Ingredients for 4 people

  • 1 cauliflower of 1 kg
  • 250 g baby spinach
  • 1 bulb of fennel
  • 4 artichokes
  • 2 lemons, the juice
  • ¼ red cabbage
  • 1 pomegranate
  • 1 tablespoon of natural capers
  • 4 tablespoons of extra virgin olive oil
  • 1 teaspoon turmeric
  • ⅛ teaspoon freshly ground black pepper
  • 1 clove garlic
  • about 20 mint leaves

Preparation

  1. Slice the artichokes very thin with a mandolin and place them in a bowl with the lemon juice, massage them gently so that they impregnate well and let them marinate while you prepare the rest of the salad.
  2. Chop (with a knife or in a processor) the cauliflower florets to the point of rice. Reserve them.
  3. Beat the oil with the garlic, turmeric and pepper until you get a homogeneous mixture. Add it to the cauliflower and stir well with the help of a wooden spoon. Let it marinate while you prepare the rest of the ingredient.

Cauliflower salad with peanuts

An original, healthy and super nutritious salad with ingredients from home. Take note!

Ingredients for 2 people

  • 300g cauliflower, separated into florets
  • 1 good bunch of lamb’s lettuce
  • 10 cherry tomatoes
  • 2 tablespoons peanut butter (no sugar added)
  • 1 tablespoon flax seeds
  • Half cup water

Preparation

  1. Before you start, heat the oven to 200 ° C.
  2. In a bowl, mix the peanut butter with half a cup of water and the flax seeds until they form a sauce without large lumps.
  3. Put the cauliflower florets on a baking sheet and mix well with the previous sauce.
  4. Put it in the oven at medium height, at 200 ° C and with heat up and down. The cauliflower will take about 18 minutes to be ready, but you can check it by looking for a golden brown.
  5. Then put a bowl or plate with the lamb’s lettuce and the cherry tomatoes cut into quarters. Tomatoes must be removed from the refrigerator a while before so that they have all their flavor.
  6. Take the cauliflower out of the oven and let it rest for 5 minutes.
  7. Then put it on the lamb’s lettuce and tomatoes and you can serve it.

Rich variants

Instead of peanut butter, you can also make the salad with other creams such as hummus (from chickpeas), babaganoush (from aubergines) or lentil puree.

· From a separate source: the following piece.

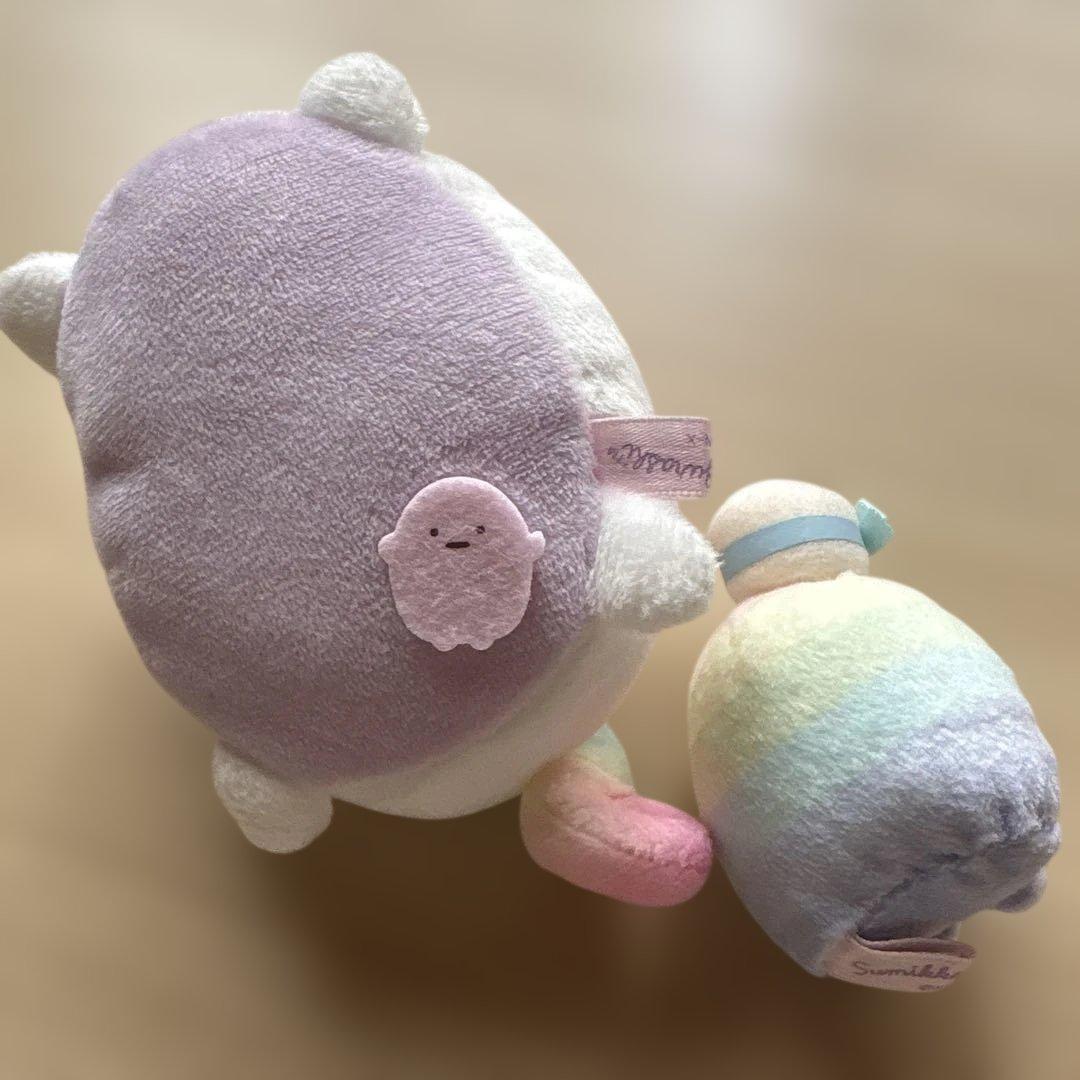 すみっコぐらし たぴおかパーク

Buckwheat with azukis and wok cauliflower

This recipe, in addition to being colorful, is very complete. It’s a delicious way to add cauliflower to your plate:

Ingredients for 4 people

  • 300 g of buckwheat (buckwheat)
  • 350 ml of water or broth
  • 1 medium onion
  • 1 small red bell pepper
  • 1 green bell pepper
  • A few strands of saffron
  • 200 g of azukis already cooked
  • Sweet paprika
  • 1 medium cauliflower
  • Sea salt
  • Virgin olive oil

Preparation

  1. Put a saucepan on the fire with a splash of oil. When hot add the onion, cut into small cubes, and the peppers, cut into strips. Sauté these two vegetables for a few minutes.
  2. Add the buckwheat and stir. Then add the broth, the saffron threads, and add a little salt. Cover the saucepan.
  3. When it reaches a boil, lower the flame, letting it simmer until it has absorbed the broth. Then remove the casserole from the heat and let it rest for a few minutes without a lid.
  4. Meanwhile, cut the cauliflower into florets and pass them through a wok with a little olive oil. When the cauliflower is cooked but still crispy on the inside, remove it from the heat.
  5. Assemble the dishes by placing a buckwheat base, two tablespoons of azukis and the cauliflower on top.
  6. Top the recipe by sprinkling a little sweet paprika on the plate.